Il regista di A beautiful mind obbedisce agli avvenimenti concitati di quei giorni, il muoversi della comunità internazionale, l’arrivo dei sub migliori del mondo, i progetti che si infrangono quando ci scappa il morto, il sommozzatore volontario Saman Kunan, ex membro dei Navy Seal che muore durante le operazioni di salvataggio, l’ossigeno che nella grotta continua a calare, la pioggia che cade, chi ci capisce qualcosa che spiega che portarli fuori dal camino è un «fottuto suicidio», le retromarce sull’idea di addestrarli, la necessità di farli uscire subito e le mappe che immortalano quel dedalo letale di sporgenze, correnti, melma, buio e apnee e tutti, gli esperti, le famiglie, noi in poltrona, tutti a chiederci chi mai di noi, dei nostri figli, chi riuscirebbe a fare una cosa del genere? Con quale speranza?

Immergerci nel tunnel e nel cuore del film di Ron Howard

Eccolo, allora, il film di Ron Howard. Nessun indagine sul dolore delle famiglie, sulla paura del governatore lasciato solo a gestire la tragedia, sullo strazio dei Navy Seal che hanno perso un amico, nemmeno sulla solitudine dell’ingegnere che da solo raduna un popolino a drenare la montagna, o dei contadini che acconsentono a perdere il raccolto perché quello tsunami di fango drenato venga riversato nei loro campi, per dare solo “una possibilità” ai ragazzi.

E ci volevano due bravissimi come Viggo Mortensen e Colin Farrell, per convincerci – senza speranza di trovare i tredici o tirarli fuori vivi – a immergerci e seguirli mentre come Stanton e Volanten infilano tuta, bombole, e scendono nella grotta, nel tunnel di acqua, nel cuore del film di Ron Howard. A metterci su quella strada che ha separato noi, il mondo in ginocchio fuori dalla grotta, e i tredici piccoli soldatini che scrivevano biglietti da consegnare a mamma e papà e far diramare dai giornalisti all’imbocco di Tham Luang: «Stiamo bene, un po’ freddo, un po’ fame, non preoccupatevi».
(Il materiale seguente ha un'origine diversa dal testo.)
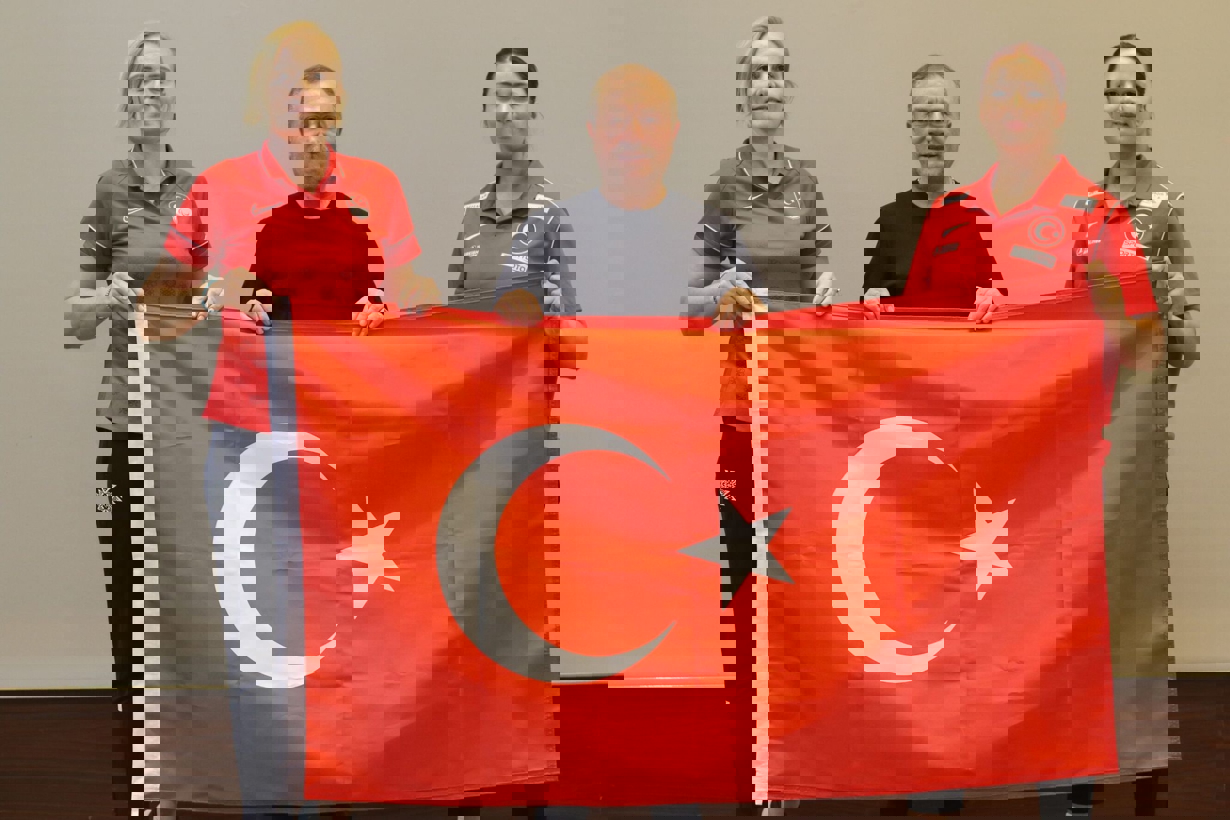 eaütkmlyşx-1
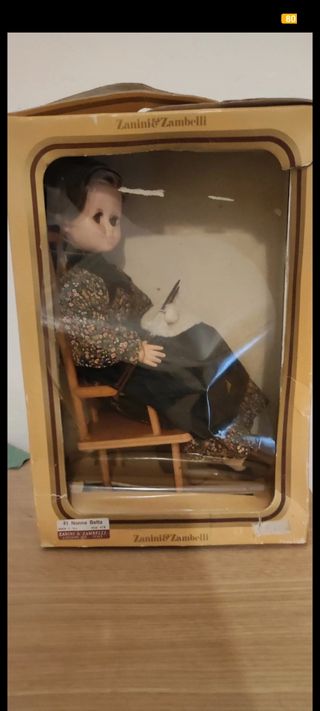 Bambole vintage due con la scatola originale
La strada nella gola tra cielo e terra

La strada: una sola in un labirinto di stalattiti, melma, correnti, portava ai bambini, le altre al nulla, ed era larga come un solo uomo e lunga oltre cinque ore d’immersione e diverse bombole d’ossigeno. Ron Howard ha fatto un grande film perché ha obbedito alla realtà fuori dalla grotta, oltre il pelo d’acqua, in superficie, per poi immergersi e immergerci nel cuore della tragedia, in quel tunnel, in quel solo luogo dove era possibile afferrare qualcosa di ancestrale, quella riverenza primordiale che insieme al fango vischioso ci avrebbe restituito i ragazzini tutti ossa e palpiti e gambe sottili come fili d’erba.
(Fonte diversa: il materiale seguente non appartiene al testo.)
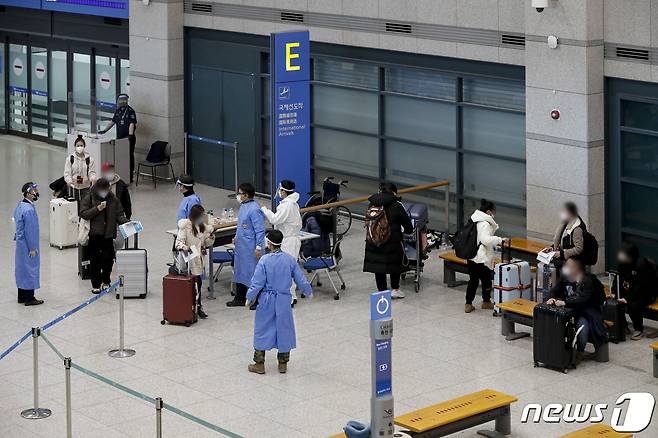 중국에서 입국한 해외여행객들이 2일 오전 인천국제공항 제1여객터미널에서 방역 관계자들의 안내를 받고 있다. 방역당국은 이날부터 중국발 국내·외국인 입국자에 대한 방역을 강화했다. 중국발 입국자는 모두 유전자증폭(PCR) 검사를 받아야 한다. (공동취재) 2023.1.2/뉴스1 ⓒ News1 민경석 기자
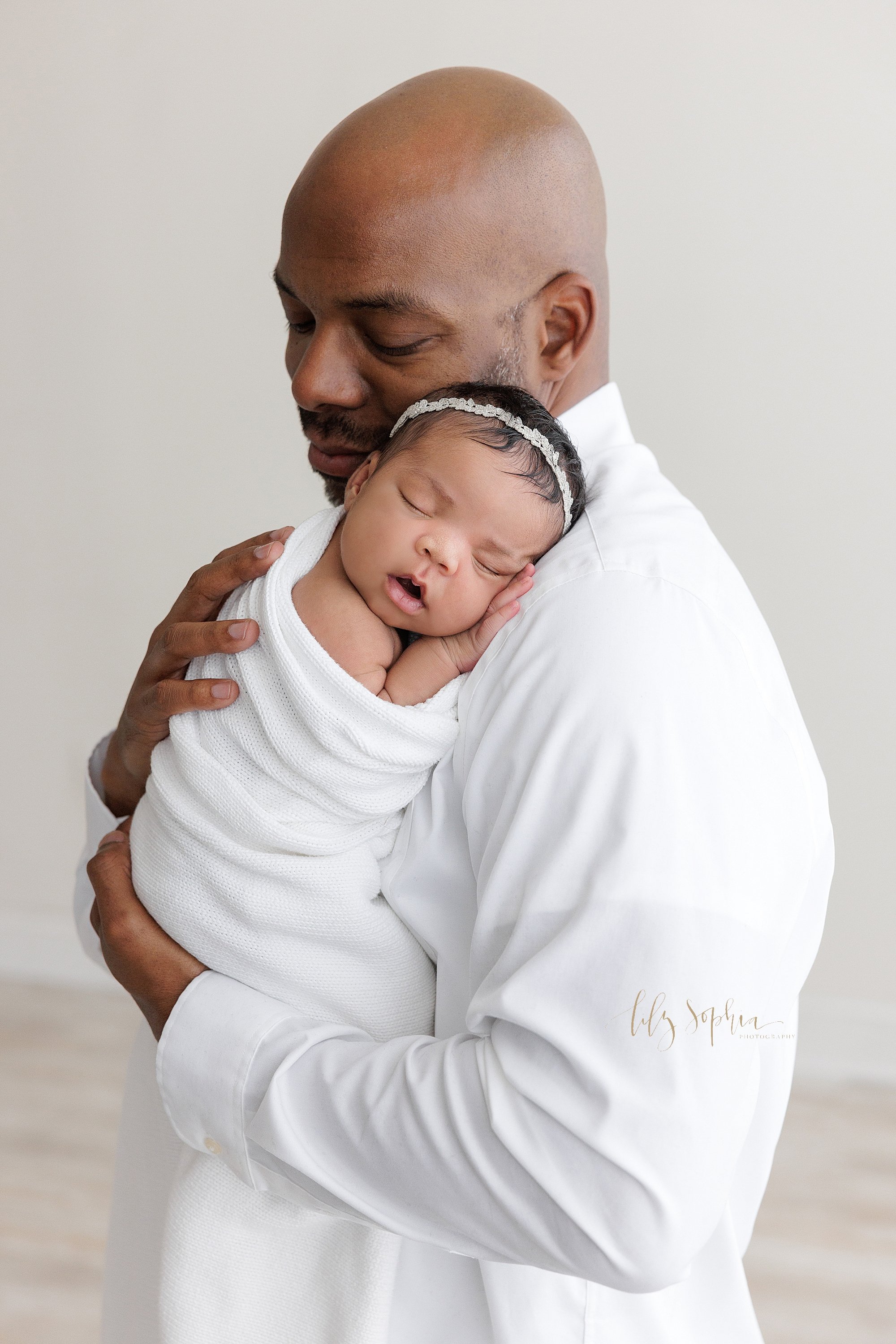 intown-atlanta-decatur-brookhaven-buckhead-newborn-baby-girl-family-studio-photoshoot_5362.jpg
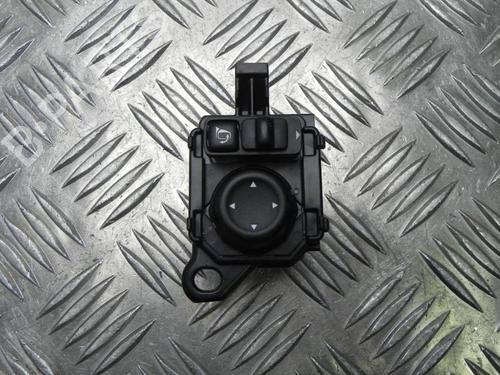 Used Switch NISSAN QASHQAI II (J11, J11_) 1.2 DIG-T (115 hp) 28945313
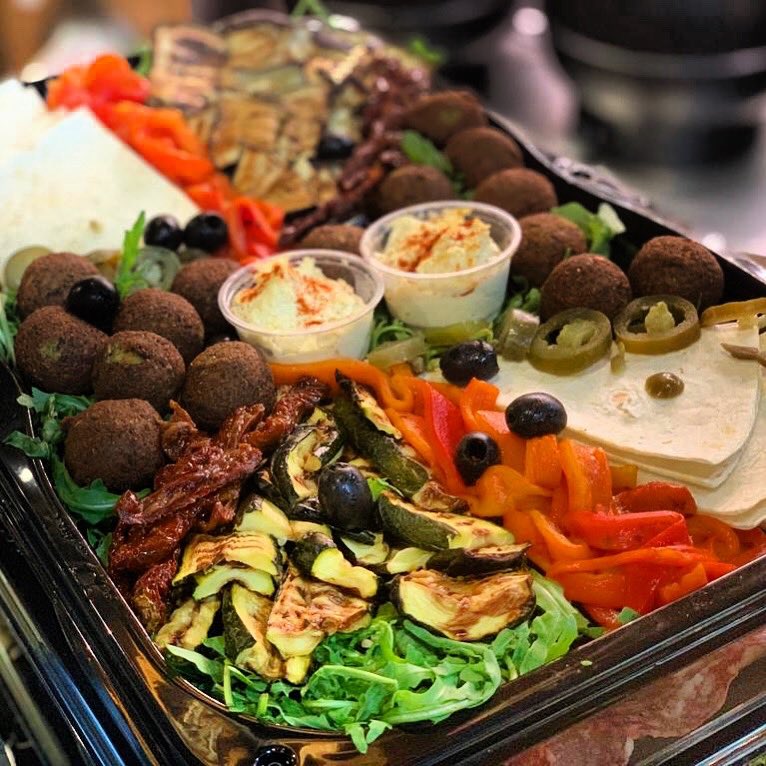 Abstarv's tweet photo. Beginning of the weekend with gatherings and partying🥳a tasty vegan platter will be ideal to share #abstarv 

#falafels #grilledveggies #hummus #taheni #sharing #platters #party #foodie #london #toplondonrestaurants #londonbridge #boroughmarket #tooleystreet #londonbridgestation https://t.co/chEZLlATps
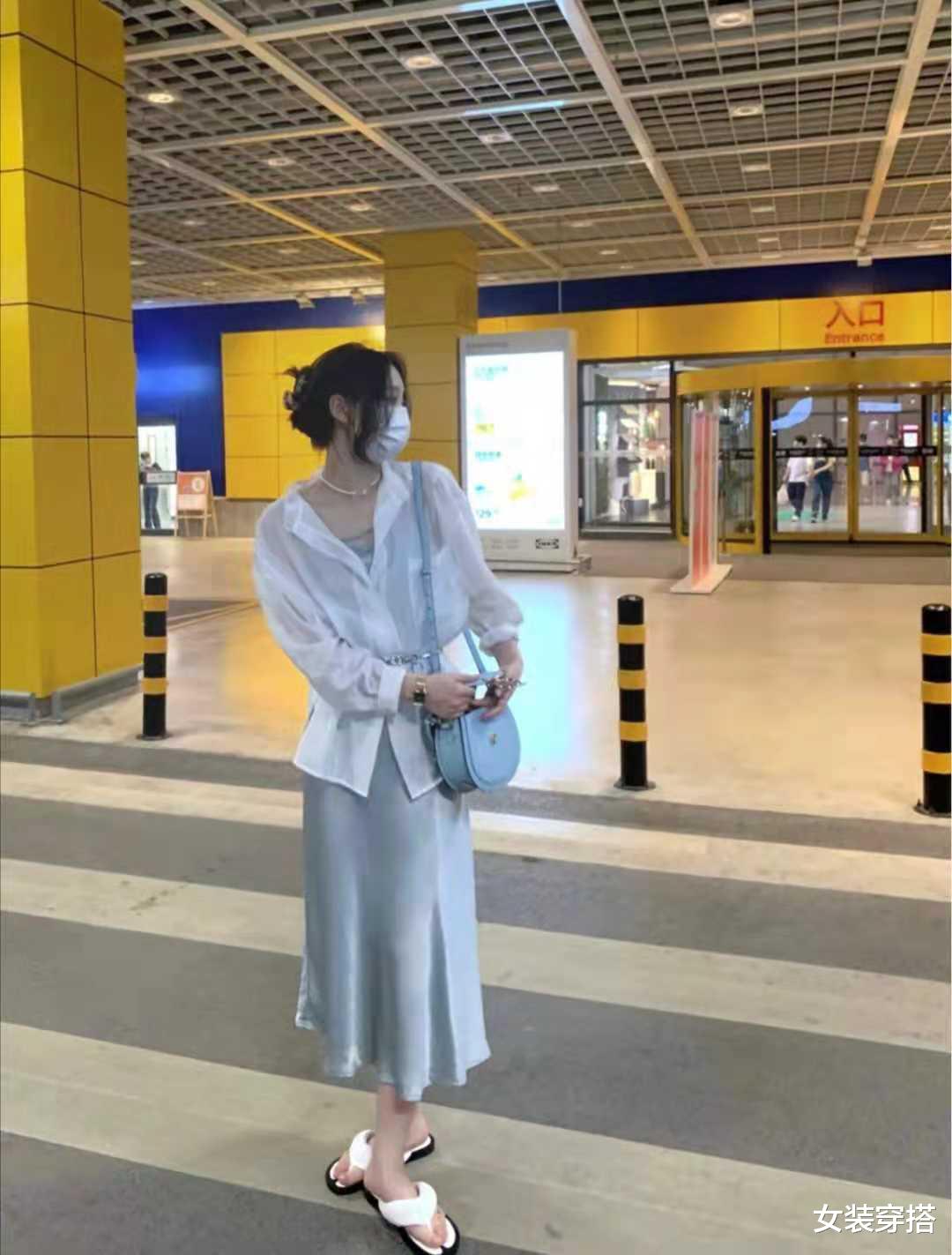 女装穿搭|吊带连衣裙搭配什么外套显高档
Una gola tra cielo e terra dove da sempre l’unica legge a regnare è quella del mistero e dell’energia tellurica, dove tutto è origine e rinascita, non per altro sulla vulnerabilità di un bambino di Betlemme è iniziato per i cristiani il mondo intero. Ron Howard ha fatto un film su una via, terribile e spaventosa che porta alla salvezza. Un film che non aggiunge nulla alla realtà, ed è questa la sua portata eccezionale.
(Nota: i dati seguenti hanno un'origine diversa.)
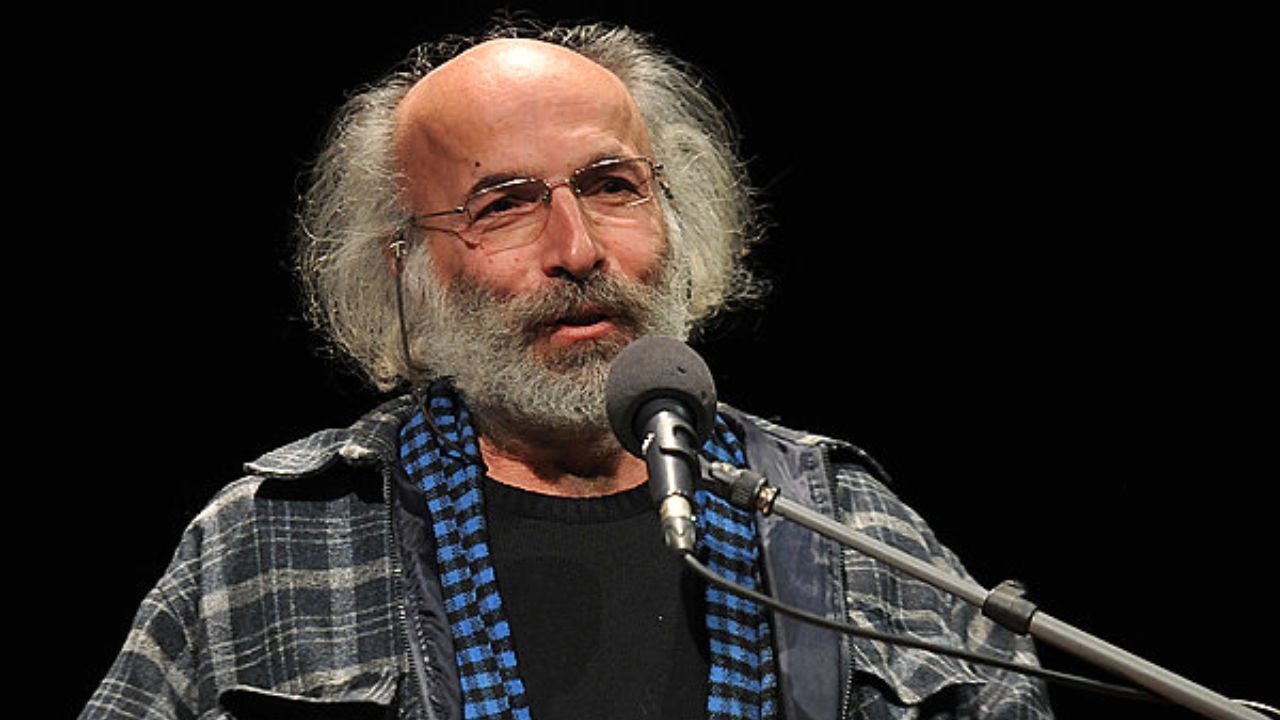 کیانوش عیاری: حجاب بهانه‌ای بود برای اینکه «کاناپه» را توقیف کنند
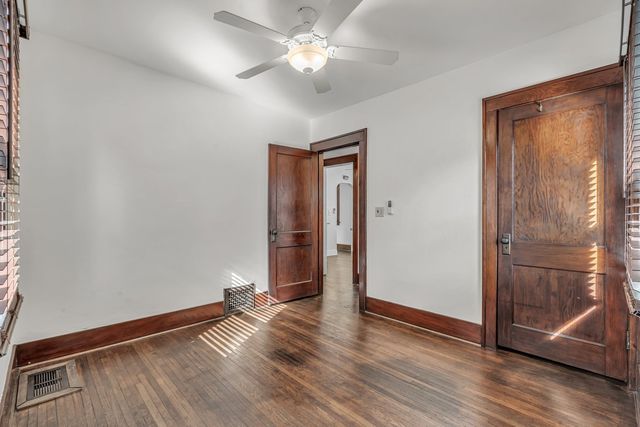 2817 Bellevue Avenue, Bettendorf, IA 52722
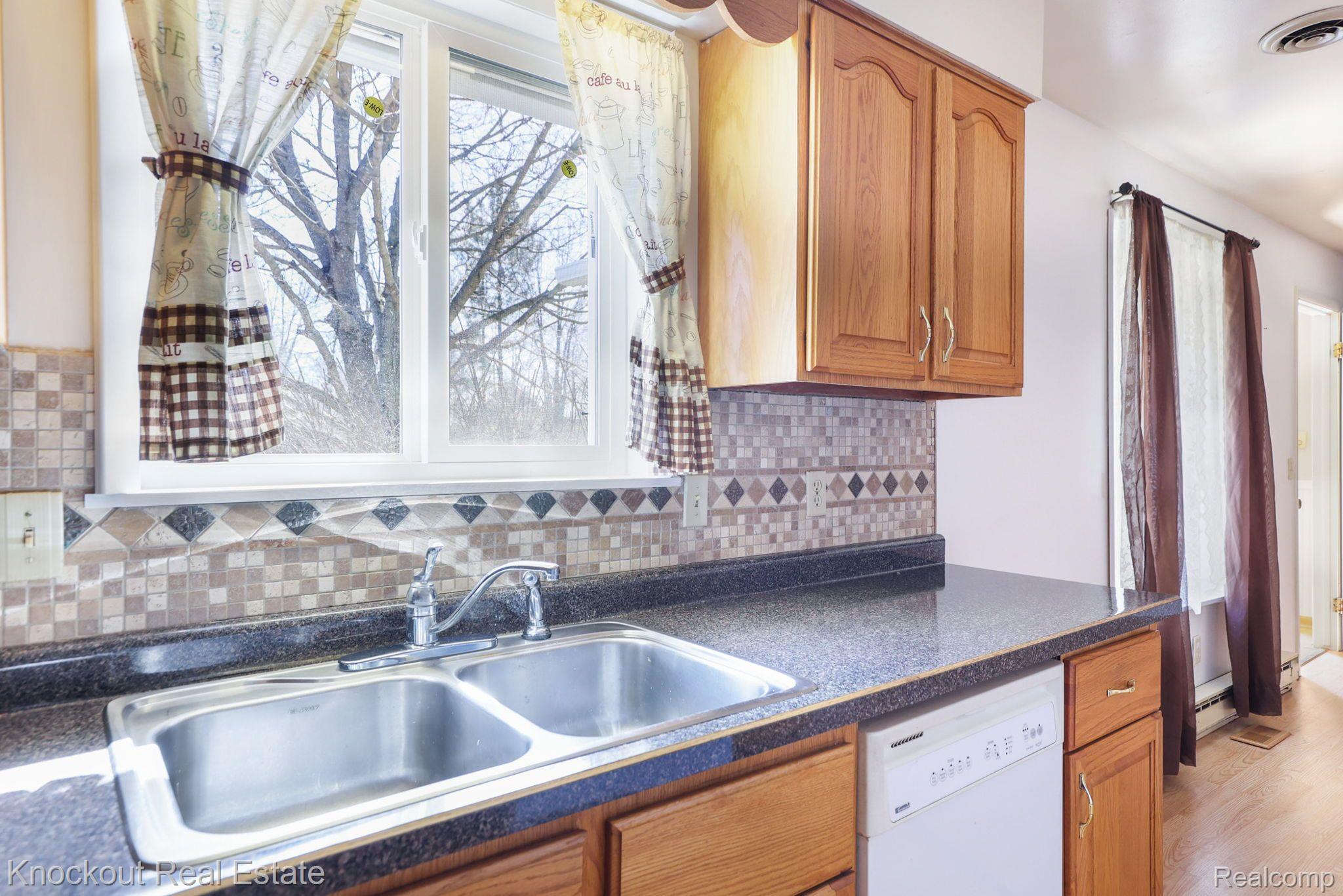 12063 Birch Run Road Birch Run, MI 48415 - Photo 14 of 46 Gallery Image 14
Tornare in ginocchio a Tham Luang

Qualcuno l’ha chiamato documentario, reportage asciutto, ha parlato di pura spettacolarizzazione del tunnel, lamentato l’assenza di guizzi, idee, melodramma. Sono passati quattro anni e ancora oggi al grande pubblico manca una morale familiare, che faccia del sentimentalismo il suo unico criterio di giudizio, il suo agognato sospiro di sollievo. Ed è questa la grandezza del film, non aver riempito di costrutti sociali una tragedia misteriosa: averci riportato tutti in ginocchio davanti al mistero della grotta di Tham Luang con una domanda di salvezza.